Short text fragments from websites:
* * * *

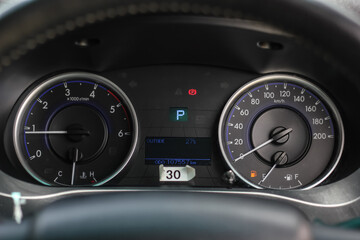 car​ instrument panel, car​ speed motor of​ night, car​ dashboard​ modern​ automobile...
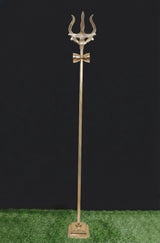 Brass trident on square base stand, long pole with ornate Shiva-style trishul head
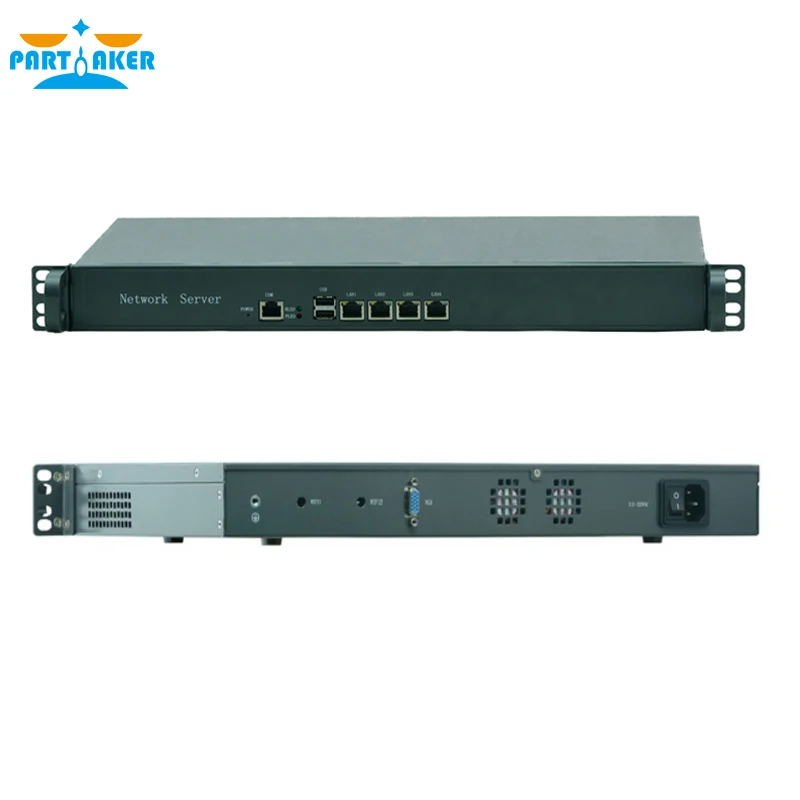 Причастник Intel Celeron J1900 четырехъядерный 1U Rackmount сетевой сервер с 4 Lan брандмауэр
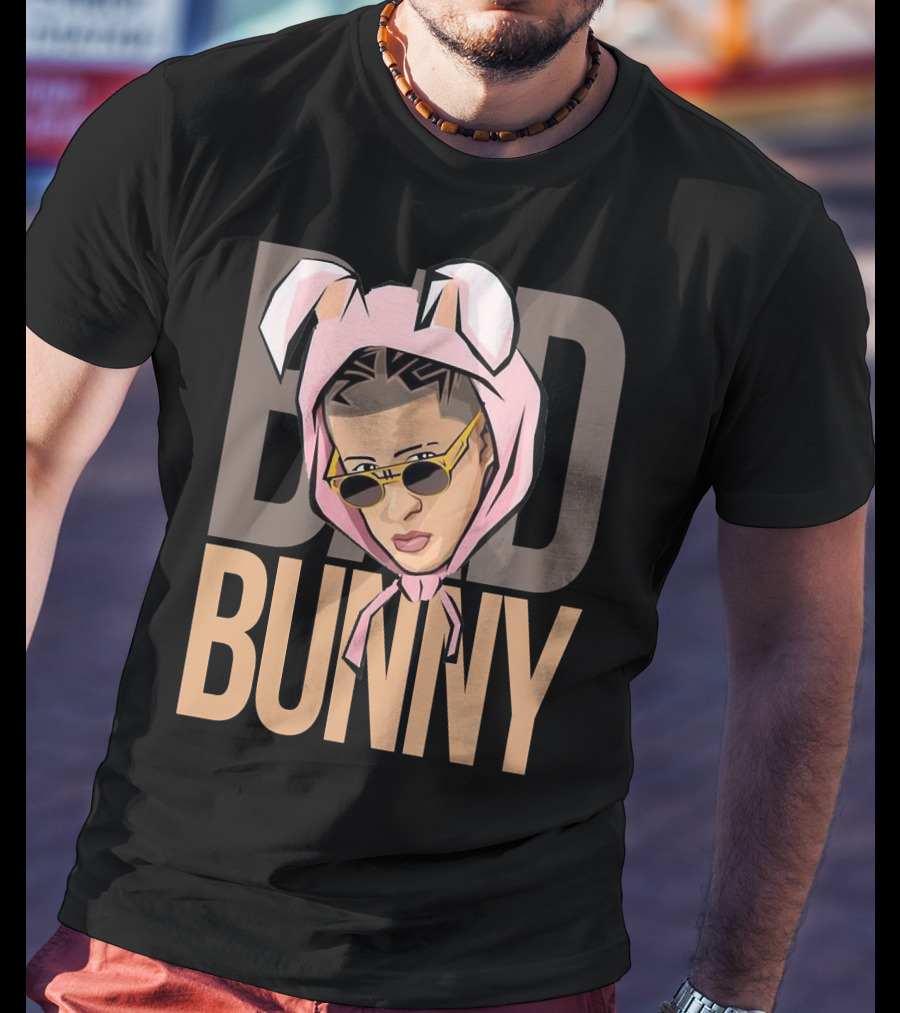 BAD BUNNY Iconic Style With Sunglasses And Bunny Ears T-Shirt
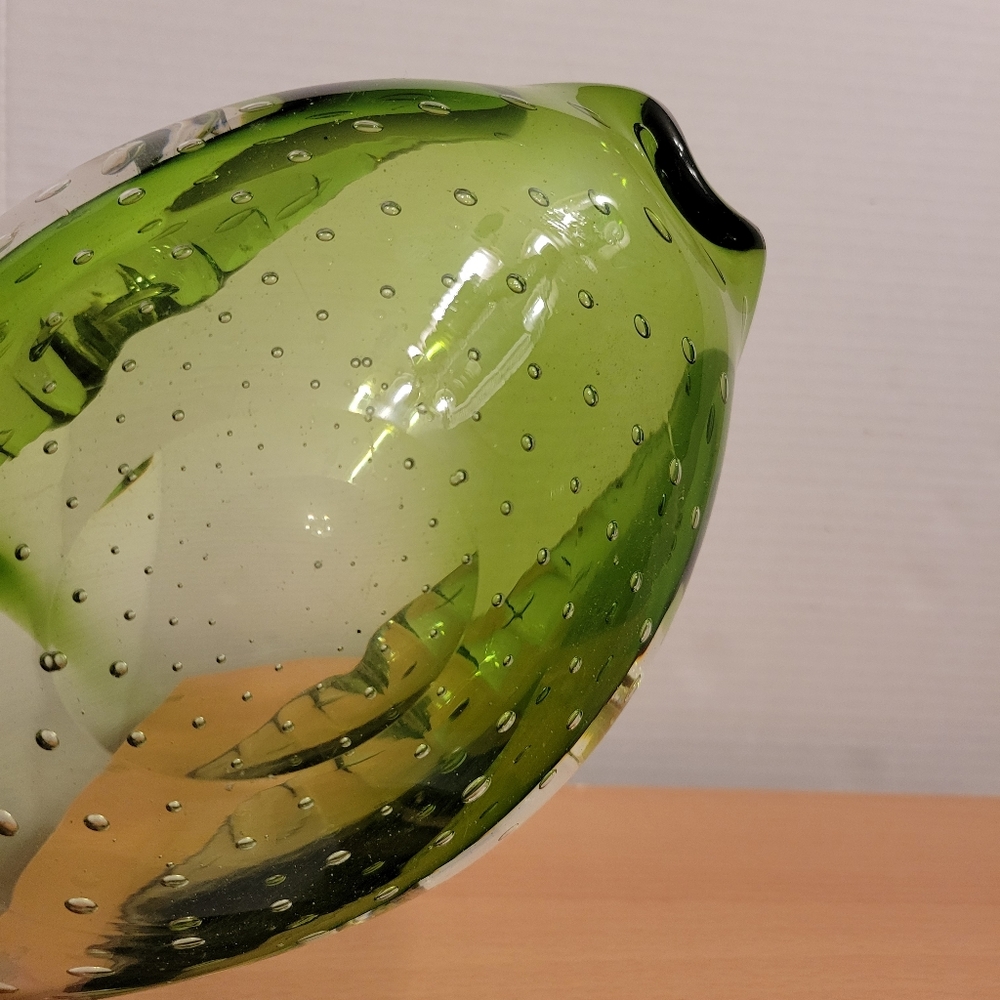 Vintage Murano Alfredo Barbini Bullicante Olive Green Ashtray Swirl Design - Picture 7 of 10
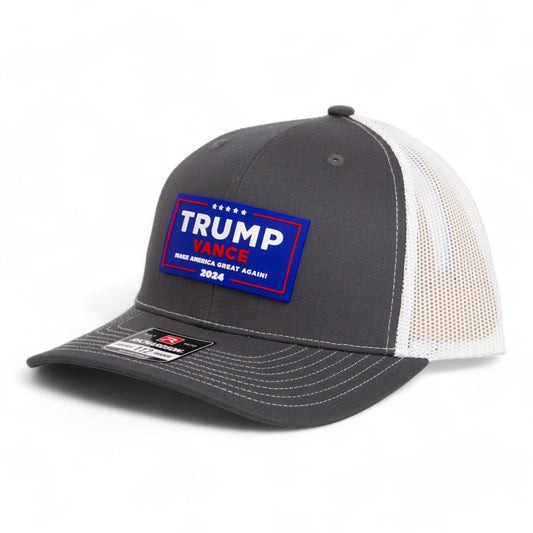 Trump Vance 2024 MAGA 3D Snapback Trucker Hat- Charcoal/ White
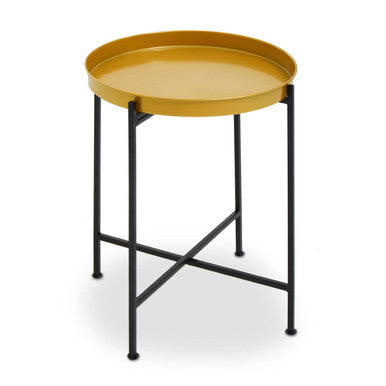 Orsina Hege Round Brass Side Table – Small Black Metal End Table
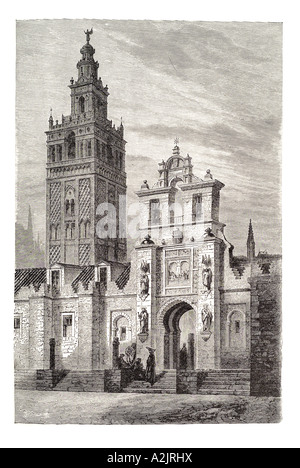 Siviglia Spagna Espana spagnolo Espagne Espana andalusia andalusia Iberia la giralda torre quadrata cattolica cattedrale cristiana entr Foto Stock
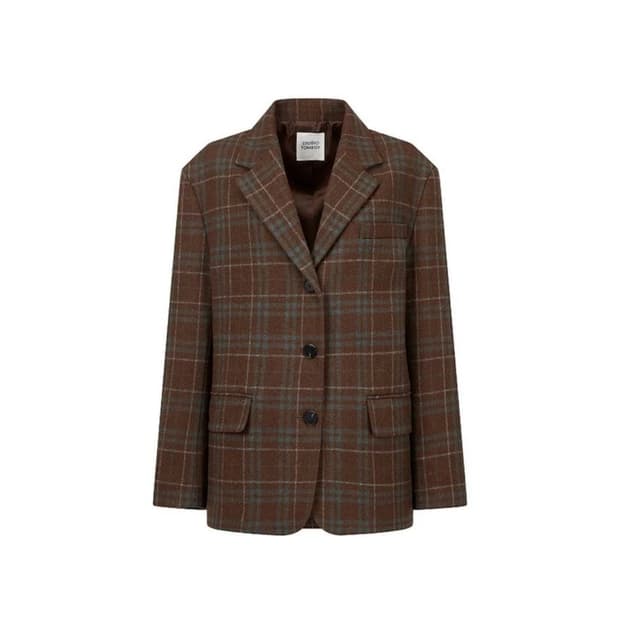 스튜디오 톰보이 브라운 체크 자켓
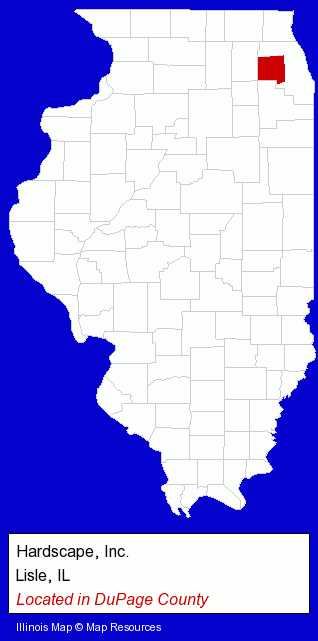 Illinois counties map, showing the general location of Hardscape, Inc.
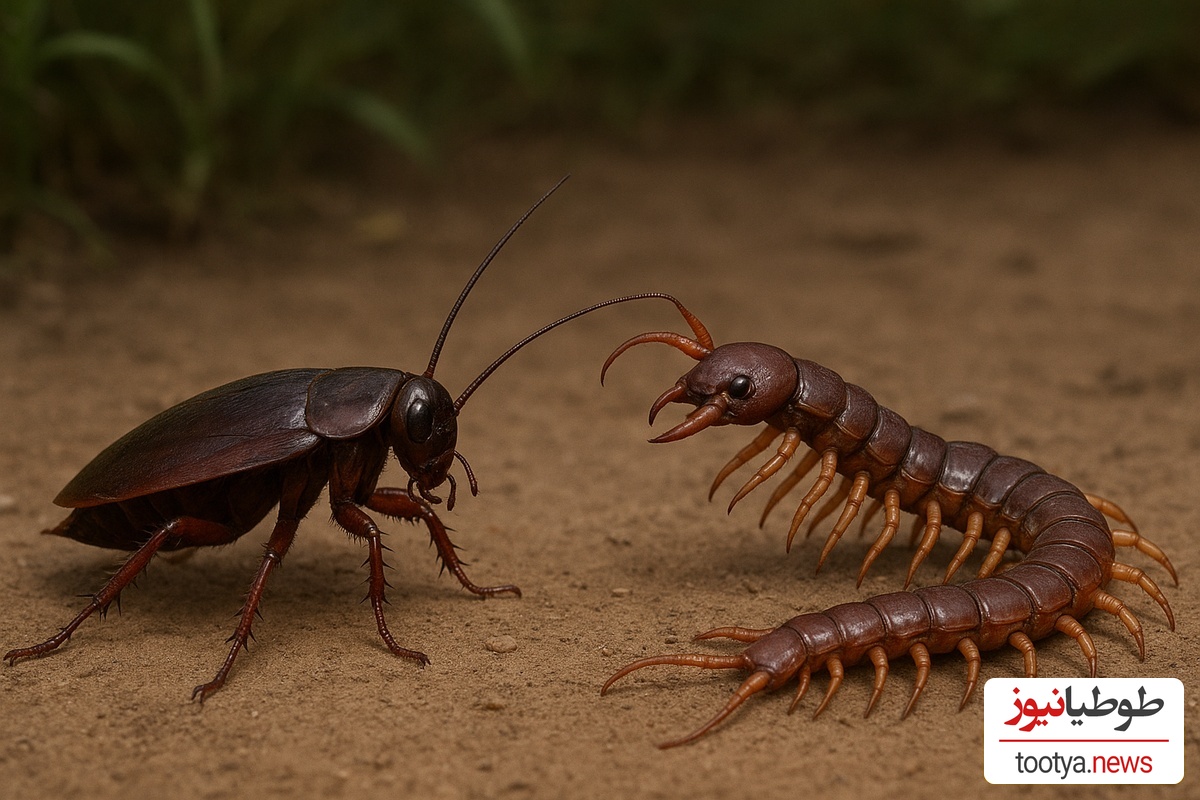 فیلم/ مستند حیات وحش حیوانات / نبرد سوسک و هزارپا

* * * *

Brief: The stretch above running from the line with "Brass trident on" through the line with "Orsina Hege Round" is all you should copy, exactly, leaving out the pictures.

Response to the task:
 Brass trident on square base stand, long pole with ornate Shiva-style trishul head
 Причастник Intel Celeron J1900 четырехъядерный 1U Rackmount сетевой сервер с 4 Lan брандмауэр
 BAD BUNNY Iconic Style With Sunglasses And Bunny Ears T-Shirt
 Vintage Murano Alfredo Barbini Bullicante Olive Green Ashtray Swirl Design - Picture 7 of 10
 Trump Vance 2024 MAGA 3D Snapback Trucker Hat- Charcoal/ White
 Orsina Hege Round Brass Side Table – Small Black Metal End Table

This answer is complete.